Chopping wood for running the household always took a lot of time. We seemed to be always running out of wood or meat. Because there were no fridges, the meat, mainly mutton, was hung in a cool shed with mesh windows for ventilation and to keep out the flies. This didn’t always work and the flies had a way of getting in. We seldom had beef as we could not have dealt with the quantity and would have had to share it with neighbours and relations. Alternatively, it could be salted for corned beef. The odd rabbit and a piece of venison gave some variety. As we kept hens and bred chickens the young cockerels lost their heads. Trout and eels added variety to our diet. In season the men would catch flappers. These were paradise ducklings just about to the flying stage and the men would chase them up the rivers to catch them. They were very good at escaping by swimming underwater.
Dad cured bullock skins for leather made into harnesses for the horses, dog collars and belts.
Mum made all our clothes on a hand sewing machine. She was a very fast knitter and we all learnt her way of knitting and were able to knit for ourselves quite early in life. I was the one who was keen on sewing and spent many hours making clothes for my dolls and was delighted when Aunty Alice gave me a bag of her scraps full of all sorts of wonderful bits.
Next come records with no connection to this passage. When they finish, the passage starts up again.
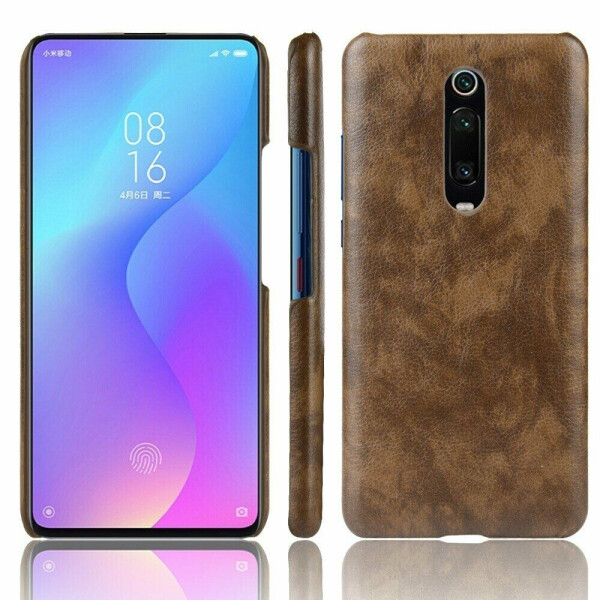 

Защитный чехол Deexe Leather Back Cover для Xiaomi Mi 9T / Mi 9T Pro / Redmi K20 / Redmi K20 Pro - Brown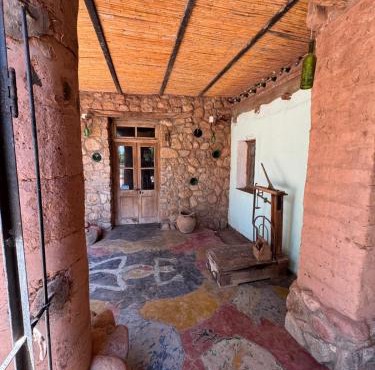 cabaña bodeguita de adobe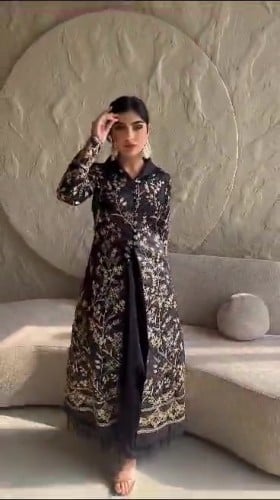 فستان سهرة جلابية 1580-11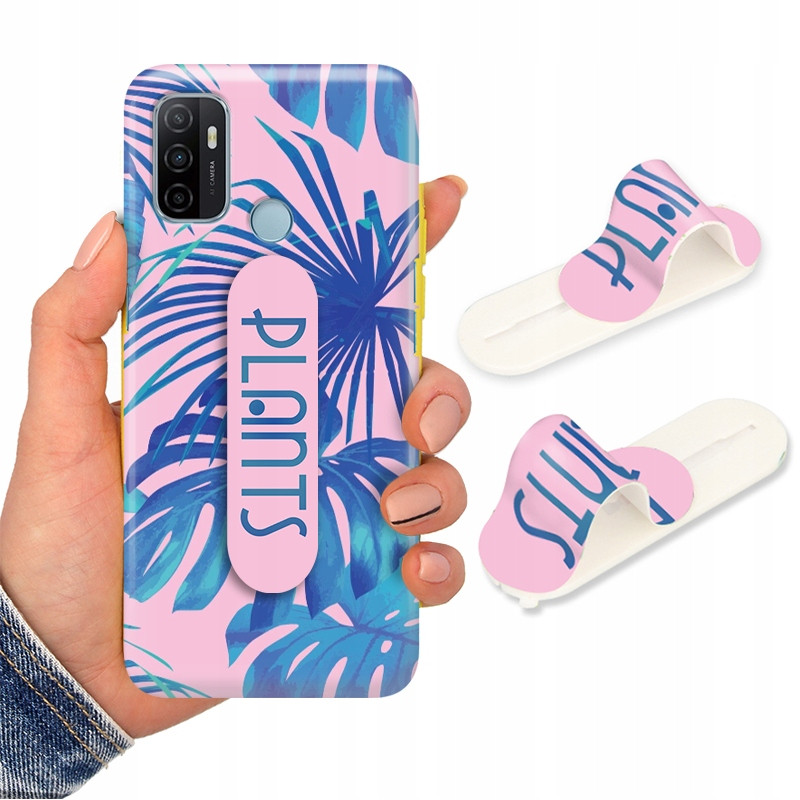 Pouzdro Pro Oppo A53 Držák Barevné Woman Mix Vzory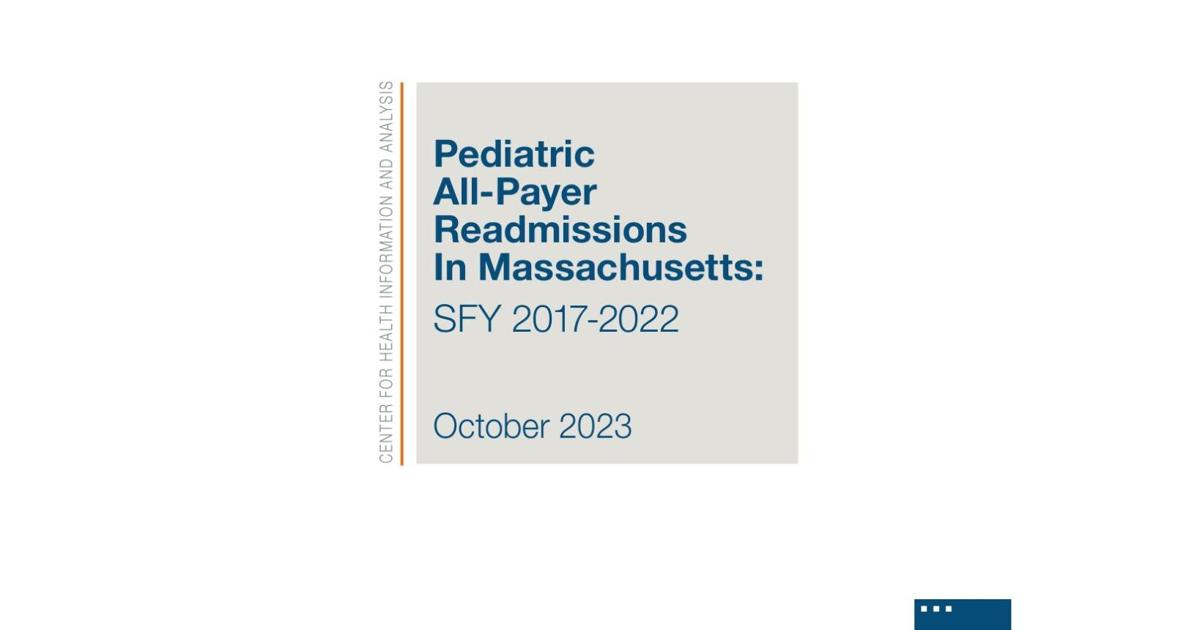 State Takes First Look At Pediatric Hospital Readmissions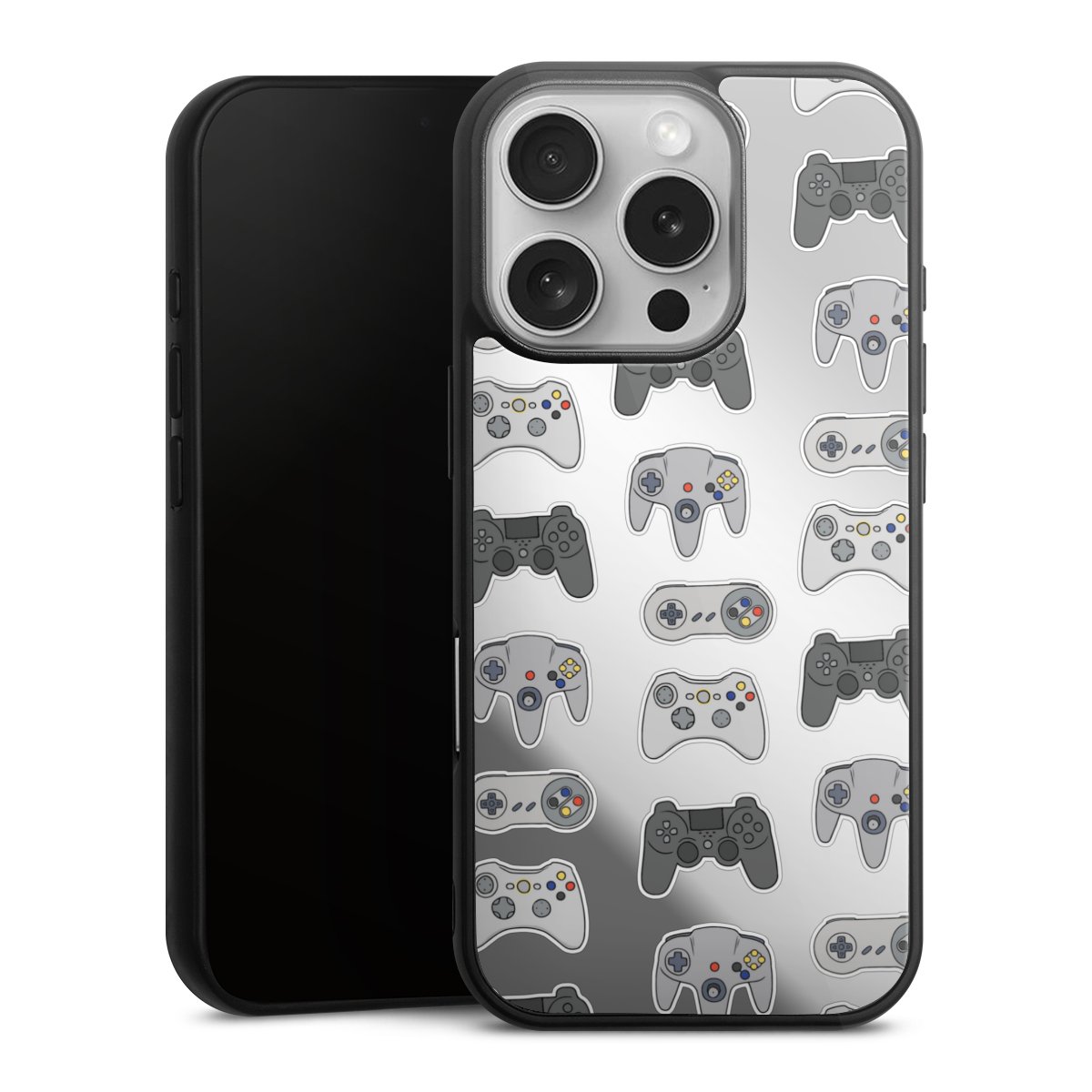 Controller Patroon zonder Achtergrond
Making soap for washing was another item to be done. Fat was rendered down and caustic soda and other ingredients added. It was quite a dangerous exercise as it could boil over. This soap was shredded and put into the clothes in the copper and for rubbing into the heavy work clothes.
Dad later handed the farm over to Pat and Gus.Thorley had the lower end of the farm, which he sold to Bob White and left the district. Pat in turn gave the farm to her son, Glenn, who wasn’t a very good farmer.He sold it to a local family who are now milking 300 cows on it.
I started school before I turned five because I pestered to go. Pat and I rode a pony called Tom Thumb. He loved biting your feet and trying to scratch you off on the gate post but coming home he was the perfect horse. If it was raining very hard when we went to school and it looked as though the river would flood, Dad would come over and get us on the old draught horse Polly.
After some time the school closed and we had a teacher board with us and we shared with the Greig’s who had a large family about 3 miles away. The teacher would teach each family 3 days a week. Our last teacher was Mr Woods who had been shell shocked during the war and he would go away every now and then for treatment. He eventually went into a mental hospital where he lived until he died. He was a wonderful pianist and we loved to get him to play the piano at night.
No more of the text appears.